The Hindu Kush Himalayan (HKH) region is home to 10 major river basins of Asia and covers a territory that is over 4.2 million km2 in area [1]. It is therefore not surprising that it provides critical ecosystem services such as water, food and energy that benefit and support the livelihoods of over 240 million people both within the region and in downstream areas. Of these 10 rivers, the Brahmaputra basin is one of the world’s largest and most populated, with a transboundary drainage area of 528,083 km2 [2].

2. Context

The Brahmaputra river system, including its tributaries, provides a lifeline for millions of people. On the one hand, it has sustained a plethora of ecosystems, human societies, and cultures in South Asia for thousands of years, contributing to the survival and flourishing of national economies of four basin countries. On the other hand, the river generates catastrophic floods leading to the loss of riparian landmass every year, affecting the lives and livelihoods of millions of people, and the region’s economy, infrastructure, and environment. Besides, climate change is exacerbating various natural and socioeconomic process and impacting the basin dwellers, who are expected to face more floods—initially due to accelerated melting of glaciers and consequences of drying rivers carrying less discharge [3,4] and significant changes in the water regime, and socioeconomic, agricultural, food, and energy scenarios [5,6].
To ensure the sustainability of the Brahmaputra river basin and improve the quality of lives and livelihoods of its communities, all basin countries should have relevant national-level policies, a coherent and cooperative basin-level integrated management plan, and a robust knowledge base of future scenarios built around ongoing and anticipated changes in the basin’s natural, socioeconomic, and development systems.
The Brahmaputra, which originates in the Chemayungdung glacier in the Kailash range in the south of the Tibet Autonomous Region (at a 5300 m elevation), traverses China (for a distance of 1625 km), India (for 918 km), and Bangladesh (for 337 km, where it is called Jamuna). It merges with the Ganges (Padma) and then with the Meghna in Bangladesh, and eventually flows into the Bay of Bengal. The Brahmaputra river basin (BRB) is based within China (50.5%), India (33.6%), Bangladesh (8.1%), and Bhutan (7.8%) which shows in Figure 1 [7]. The physiographic characteristics of the terrain through which the river flows change drastically, from the Tibetan Plateau to the river valleys of India, to the deltas of the Bay of Bengal in Bangladesh.
The Brahmaputra ranks the fourth largest river in the world regarding discharge at the mouth, and second among the rivers transporting the heaviest sediment load [8]. The basin is dominated by rainfall runoff along with a modest contribution from meltwater from the glacial and snowmelt from the areas of the upper basin lying at high altitudes [9]. The Brahmaputra River is the lifeline for community livelihoods and food security in India. Not only is the agricultural sector within the basin heavily dependent on the river’s water for irrigation, it contributes to almost 17% of the gross domestic product (GDP) of India [10]. The socioeconomic benefits that the river provides can be broadly classified as fisheries and ecosystem services. Among the latter are water for domestic use, navigation, irrigation, wetlands, wildlife areas, tourism, and hydropower for 68.07 million people as of 2015 within the countries it traverses [2]. The river also transports soil and nutrients to downstream floodplains in addition to contributing to fisheries and agricultural production of the inhabitants, thereby supporting the livelihoods of millions of people.

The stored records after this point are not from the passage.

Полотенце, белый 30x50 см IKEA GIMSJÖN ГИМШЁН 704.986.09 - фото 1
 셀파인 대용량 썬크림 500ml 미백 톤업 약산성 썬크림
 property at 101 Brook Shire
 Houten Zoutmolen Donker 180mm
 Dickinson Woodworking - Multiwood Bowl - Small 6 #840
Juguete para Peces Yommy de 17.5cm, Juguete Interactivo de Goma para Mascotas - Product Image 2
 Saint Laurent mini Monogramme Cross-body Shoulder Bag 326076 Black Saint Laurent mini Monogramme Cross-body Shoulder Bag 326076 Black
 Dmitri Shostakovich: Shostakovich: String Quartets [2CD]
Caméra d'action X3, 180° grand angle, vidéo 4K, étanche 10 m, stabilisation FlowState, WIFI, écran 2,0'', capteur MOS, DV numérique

2.1. Hydrologic and Geomorphic Regime

The Brahmaputra’s hydrological regime responds to two principal determinants: the seasonal cycles of the monsoons and freeze–thaw cycle of the Himalayan snow. Its flow is both extremely large and variable, and sediment discharge rates are substantially high. It is characterized by rapid channel aggradation and basin denudation and distinctive patterns of dynamic river morphology [11].
The Brahmaputra is the fourth largest river in the world in terms of mean annual discharge, with 33,600 m3/s at its mouth [12]. The water yield per unit discharge area (0.0306 m3/s/km2) in Pandu (Assam, India) makes Brahmaputra number one among major rivers of the world. The same is true of its tributaries such as Subansiri, Jia Bhoroli, and Manas. The yields of these rivers are as high as 0.076, 0.086 and 0.023 m3/s/km2, respectively, which are higher than those of many other great rivers of the world [13]. Among the important determinants of these large unit discharge rates is the high monsoonal precipitation in the upper catchment and the steep slopes. The same factors also play a role in triggering the heavy sediment yield and have been identified as a leading cause of drainage congestion in the valleys [14].
Seasonality and high variability are noteworthy features of the Brahmaputra’s flows. For example, while the highest recorded daily discharge at Pandu was 72,794 m3/s on 23 August 1962, the lowest was 1757 m3/s on 22 February 1968. Moreover, the high summer flows and low winter flows, fluctuate on average 12 times. In some years, a high flow 20 times the value of the low flow has been recorded [15]. In Pandu, Assam, while the average discharge annually is roughly 20,000 m3/s, the average discharge during the lean season is 4420 m3/s. In Bahadurabad, Bangladesh (where the Brahmaputra is joined by the Teesta but before it joins the Ganga (Ganges) to flow further downstream as the Padma), the average monsoon (June–October) flow is 35,712.5 m3/s, whereas the average lean season (January–April) flow is 5186 m3/s [16].
The recurrence interval for the river’s mean annual flood, which is recorded at 48,200 m3/s, is reported at 2.2 years. However, On the other hand the likelihood of recurrence of its maximum flood, recorded at 72,726 m3/s, is comparatively very low at roughly every 133 years [14]. A noteworthy characteristic of the river’s flow regime is the significantly large variations in its daily discharge in different seasons. This is the result of the variations in the time-lags and peaking attributes of the flood flows of the different tributaries that drain into the Brahmaputra. Given the differences in catchment physiography and monsoonal rainfall, the changes caused in the characteristics of the Brahmaputra’s discharge hydrograph by the tributary’s inflows are both enormous and variable [14].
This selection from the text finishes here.